A mid-ocean ridge (MOR) is a seafloor mountain system formed by plate tectonics. It typically has a depth of about 2,600 meters (8,500 ft) and rises about 2,000 meters (6,600 ft) above the deepest portion of an ocean basin. This feature is where seafloor spreading takes place along a divergent plate boundary. The rate of seafloor spreading determines the morphology of the crest of the mid-ocean ridge and its width in an ocean basin.
The production of new seafloor and oceanic lithosphere results from mantle upwelling in response to plate separation. The melt rises as magma at the linear weakness between the separating plates, and emerges as lava, creating new oceanic crust and lithosphere upon cooling.

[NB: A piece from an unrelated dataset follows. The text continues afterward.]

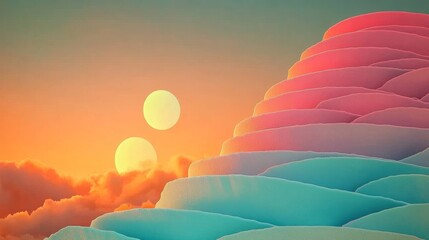 Fototapete - HD visuals with abstract art textures in a spectrum of colors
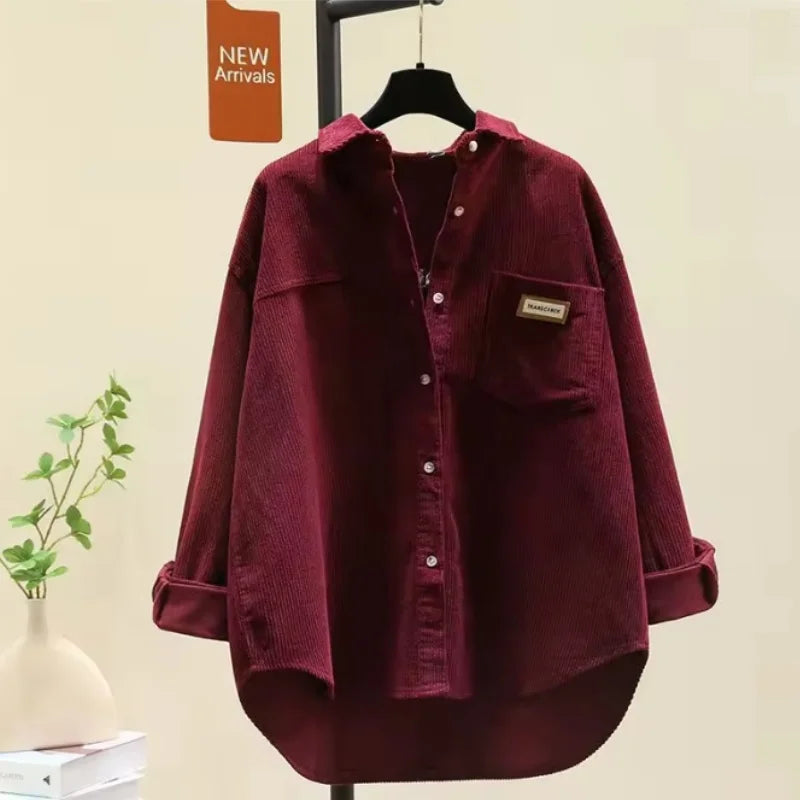 Women's Long Sleeve Button Front Shirt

The first discovered mid-ocean ridge was the Mid-Atlantic Ridge, which is a spreading center that bisects the North and South Atlantic basins; hence the origin of the name 'mid-ocean ridge'. Most oceanic spreading centers are not in the middle of their hosting ocean basis but regardless, are traditionally called mid-ocean ridges. Mid-ocean ridges around the globe are linked by plate tectonic boundaries and the trace of the ridges across the ocean floor appears similar to the seam of a baseball. The mid-ocean ridge system thus is the longest mountain range on Earth, reaching about 65,000 km (40,000 mi).